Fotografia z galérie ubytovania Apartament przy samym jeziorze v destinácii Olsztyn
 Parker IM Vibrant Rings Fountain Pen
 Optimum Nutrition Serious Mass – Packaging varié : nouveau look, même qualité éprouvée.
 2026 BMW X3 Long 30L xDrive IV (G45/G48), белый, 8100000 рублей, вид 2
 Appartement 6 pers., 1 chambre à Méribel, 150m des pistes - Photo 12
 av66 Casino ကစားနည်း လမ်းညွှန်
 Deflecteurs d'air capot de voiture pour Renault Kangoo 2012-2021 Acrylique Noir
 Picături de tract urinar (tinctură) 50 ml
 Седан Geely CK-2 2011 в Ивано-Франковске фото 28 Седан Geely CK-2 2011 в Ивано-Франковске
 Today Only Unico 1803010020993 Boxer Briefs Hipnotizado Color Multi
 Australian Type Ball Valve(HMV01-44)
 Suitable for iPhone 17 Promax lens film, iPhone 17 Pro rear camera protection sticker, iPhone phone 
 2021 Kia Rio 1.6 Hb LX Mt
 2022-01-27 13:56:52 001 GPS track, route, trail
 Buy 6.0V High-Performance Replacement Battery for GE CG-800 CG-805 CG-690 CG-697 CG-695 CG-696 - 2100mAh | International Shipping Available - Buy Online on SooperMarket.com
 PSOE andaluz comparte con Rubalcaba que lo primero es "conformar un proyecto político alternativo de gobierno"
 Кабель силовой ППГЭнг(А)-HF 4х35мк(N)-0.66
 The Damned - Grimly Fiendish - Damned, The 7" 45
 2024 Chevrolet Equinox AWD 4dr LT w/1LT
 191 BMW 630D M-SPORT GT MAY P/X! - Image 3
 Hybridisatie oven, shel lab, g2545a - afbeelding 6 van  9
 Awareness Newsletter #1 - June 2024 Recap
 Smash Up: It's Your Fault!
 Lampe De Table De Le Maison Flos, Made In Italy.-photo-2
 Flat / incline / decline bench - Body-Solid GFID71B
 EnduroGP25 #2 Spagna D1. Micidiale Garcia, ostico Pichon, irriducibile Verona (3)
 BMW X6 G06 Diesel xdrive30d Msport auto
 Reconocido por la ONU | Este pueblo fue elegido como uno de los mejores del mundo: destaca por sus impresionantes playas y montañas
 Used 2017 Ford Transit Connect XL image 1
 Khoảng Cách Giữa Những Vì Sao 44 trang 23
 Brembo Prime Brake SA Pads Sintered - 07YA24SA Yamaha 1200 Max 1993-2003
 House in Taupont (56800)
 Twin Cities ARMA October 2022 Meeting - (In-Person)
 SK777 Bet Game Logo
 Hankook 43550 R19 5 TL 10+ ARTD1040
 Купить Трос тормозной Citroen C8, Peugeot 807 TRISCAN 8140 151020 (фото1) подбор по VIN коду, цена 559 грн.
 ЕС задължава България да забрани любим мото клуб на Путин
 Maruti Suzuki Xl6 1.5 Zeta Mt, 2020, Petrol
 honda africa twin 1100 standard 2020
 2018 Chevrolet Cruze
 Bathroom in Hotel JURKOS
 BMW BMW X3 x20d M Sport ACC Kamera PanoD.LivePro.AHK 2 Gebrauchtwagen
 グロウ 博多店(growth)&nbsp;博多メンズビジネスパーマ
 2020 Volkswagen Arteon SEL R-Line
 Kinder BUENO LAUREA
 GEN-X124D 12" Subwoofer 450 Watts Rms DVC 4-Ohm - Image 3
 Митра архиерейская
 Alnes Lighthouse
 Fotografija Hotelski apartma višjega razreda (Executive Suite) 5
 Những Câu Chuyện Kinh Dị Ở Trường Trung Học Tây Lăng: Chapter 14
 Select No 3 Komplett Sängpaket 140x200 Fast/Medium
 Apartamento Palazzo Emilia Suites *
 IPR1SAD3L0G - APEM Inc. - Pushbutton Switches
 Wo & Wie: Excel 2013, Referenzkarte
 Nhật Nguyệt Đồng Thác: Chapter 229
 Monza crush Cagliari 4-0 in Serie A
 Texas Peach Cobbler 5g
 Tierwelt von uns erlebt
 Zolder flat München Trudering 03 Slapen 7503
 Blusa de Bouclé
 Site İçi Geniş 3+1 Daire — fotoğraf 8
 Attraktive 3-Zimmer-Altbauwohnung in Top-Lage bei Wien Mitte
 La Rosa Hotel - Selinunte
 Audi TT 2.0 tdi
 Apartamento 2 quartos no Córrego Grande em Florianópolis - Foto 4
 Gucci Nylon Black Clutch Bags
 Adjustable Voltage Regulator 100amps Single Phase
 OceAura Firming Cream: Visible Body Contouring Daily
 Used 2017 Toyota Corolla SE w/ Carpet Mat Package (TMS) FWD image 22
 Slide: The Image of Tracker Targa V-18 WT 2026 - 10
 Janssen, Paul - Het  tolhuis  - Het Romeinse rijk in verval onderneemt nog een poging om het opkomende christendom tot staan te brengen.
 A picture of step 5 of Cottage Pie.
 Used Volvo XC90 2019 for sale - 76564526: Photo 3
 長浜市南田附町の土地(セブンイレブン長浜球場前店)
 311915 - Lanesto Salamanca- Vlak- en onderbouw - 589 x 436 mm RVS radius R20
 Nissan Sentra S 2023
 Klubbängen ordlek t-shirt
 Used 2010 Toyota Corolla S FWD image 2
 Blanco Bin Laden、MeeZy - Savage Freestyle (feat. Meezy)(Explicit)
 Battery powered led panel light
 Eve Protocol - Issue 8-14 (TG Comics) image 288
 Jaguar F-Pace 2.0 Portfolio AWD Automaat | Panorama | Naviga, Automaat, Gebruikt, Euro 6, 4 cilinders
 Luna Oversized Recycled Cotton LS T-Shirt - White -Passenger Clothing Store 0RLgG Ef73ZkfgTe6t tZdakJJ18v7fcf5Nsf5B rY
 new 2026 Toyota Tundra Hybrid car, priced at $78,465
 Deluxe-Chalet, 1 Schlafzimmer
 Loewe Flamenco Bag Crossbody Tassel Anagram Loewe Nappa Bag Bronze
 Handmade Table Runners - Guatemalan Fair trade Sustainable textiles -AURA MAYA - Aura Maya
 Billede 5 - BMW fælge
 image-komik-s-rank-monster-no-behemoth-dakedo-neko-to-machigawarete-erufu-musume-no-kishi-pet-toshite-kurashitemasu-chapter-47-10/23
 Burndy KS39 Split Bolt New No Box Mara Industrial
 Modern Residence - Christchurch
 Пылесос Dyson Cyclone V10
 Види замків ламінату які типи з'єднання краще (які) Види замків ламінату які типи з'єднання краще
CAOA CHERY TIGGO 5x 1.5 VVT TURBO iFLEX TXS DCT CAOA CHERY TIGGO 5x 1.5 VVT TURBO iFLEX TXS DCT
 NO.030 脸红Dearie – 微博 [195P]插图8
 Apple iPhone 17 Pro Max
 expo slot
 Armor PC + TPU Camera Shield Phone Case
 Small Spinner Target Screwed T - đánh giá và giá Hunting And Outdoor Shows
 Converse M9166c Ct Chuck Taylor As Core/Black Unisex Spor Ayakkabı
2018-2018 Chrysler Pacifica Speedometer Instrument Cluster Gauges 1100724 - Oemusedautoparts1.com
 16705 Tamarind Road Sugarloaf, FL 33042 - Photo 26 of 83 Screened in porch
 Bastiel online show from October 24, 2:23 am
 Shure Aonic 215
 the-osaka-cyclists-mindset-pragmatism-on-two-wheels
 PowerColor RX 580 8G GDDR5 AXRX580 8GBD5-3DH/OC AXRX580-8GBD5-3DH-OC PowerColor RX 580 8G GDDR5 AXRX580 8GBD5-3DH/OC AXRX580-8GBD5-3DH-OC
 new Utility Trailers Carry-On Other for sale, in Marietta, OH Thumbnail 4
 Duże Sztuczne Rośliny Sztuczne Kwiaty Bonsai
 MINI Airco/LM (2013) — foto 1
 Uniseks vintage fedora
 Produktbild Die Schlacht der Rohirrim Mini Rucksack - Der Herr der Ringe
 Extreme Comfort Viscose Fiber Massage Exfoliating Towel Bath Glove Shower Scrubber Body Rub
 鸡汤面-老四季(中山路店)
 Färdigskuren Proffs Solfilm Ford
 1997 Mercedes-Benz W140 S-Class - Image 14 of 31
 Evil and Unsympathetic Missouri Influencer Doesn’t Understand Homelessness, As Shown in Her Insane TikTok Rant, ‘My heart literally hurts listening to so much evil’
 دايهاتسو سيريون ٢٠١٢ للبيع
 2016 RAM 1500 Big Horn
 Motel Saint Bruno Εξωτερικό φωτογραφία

***

* What you should do
Everything above from the line containing "Nhật Nguyệt Đồng Thác: Chapter 229" down to the line containing "Apple iPhone 17 Pro Max" is to be transcribed exactly, with both of those lines included and nothing else added.

* Written response
 Nhật Nguyệt Đồng Thác: Chapter 229
 Monza crush Cagliari 4-0 in Serie A
 Texas Peach Cobbler 5g
 Tierwelt von uns erlebt
 Zolder flat München Trudering 03 Slapen 7503
 Blusa de Bouclé
 Site İçi Geniş 3+1 Daire — fotoğraf 8
 Attraktive 3-Zimmer-Altbauwohnung in Top-Lage bei Wien Mitte
 La Rosa Hotel - Selinunte
 Audi TT 2.0 tdi
 Apartamento 2 quartos no Córrego Grande em Florianópolis - Foto 4
 Gucci Nylon Black Clutch Bags
 Adjustable Voltage Regulator 100amps Single Phase
 OceAura Firming Cream: Visible Body Contouring Daily
 Used 2017 Toyota Corolla SE w/ Carpet Mat Package (TMS) FWD image 22
 Slide: The Image of Tracker Targa V-18 WT 2026 - 10
 Janssen, Paul - Het  tolhuis  - Het Romeinse rijk in verval onderneemt nog een poging om het opkomende christendom tot staan te brengen.
 A picture of step 5 of Cottage Pie.
 Used Volvo XC90 2019 for sale - 76564526: Photo 3
 長浜市南田附町の土地(セブンイレブン長浜球場前店)
 311915 - Lanesto Salamanca- Vlak- en onderbouw - 589 x 436 mm RVS radius R20
 Nissan Sentra S 2023
 Klubbängen ordlek t-shirt
 Used 2010 Toyota Corolla S FWD image 2
 Blanco Bin Laden、MeeZy - Savage Freestyle (feat. Meezy)(Explicit)
 Battery powered led panel light
 Eve Protocol - Issue 8-14 (TG Comics) image 288
 Jaguar F-Pace 2.0 Portfolio AWD Automaat | Panorama | Naviga, Automaat, Gebruikt, Euro 6, 4 cilinders
 Luna Oversized Recycled Cotton LS T-Shirt - White -Passenger Clothing Store 0RLgG Ef73ZkfgTe6t tZdakJJ18v7fcf5Nsf5B rY
 new 2026 Toyota Tundra Hybrid car, priced at $78,465
 Deluxe-Chalet, 1 Schlafzimmer
 Loewe Flamenco Bag Crossbody Tassel Anagram Loewe Nappa Bag Bronze
 Handmade Table Runners - Guatemalan Fair trade Sustainable textiles -AURA MAYA - Aura Maya
 Billede 5 - BMW fælge
 image-komik-s-rank-monster-no-behemoth-dakedo-neko-to-machigawarete-erufu-musume-no-kishi-pet-toshite-kurashitemasu-chapter-47-10/23
 Burndy KS39 Split Bolt New No Box Mara Industrial
 Modern Residence - Christchurch
 Пылесос Dyson Cyclone V10
 Види замків ламінату які типи з'єднання краще (які) Види замків ламінату які типи з'єднання краще
CAOA CHERY TIGGO 5x 1.5 VVT TURBO iFLEX TXS DCT CAOA CHERY TIGGO 5x 1.5 VVT TURBO iFLEX TXS DCT
 NO.030 脸红Dearie – 微博 [195P]插图8
 Apple iPhone 17 Pro Max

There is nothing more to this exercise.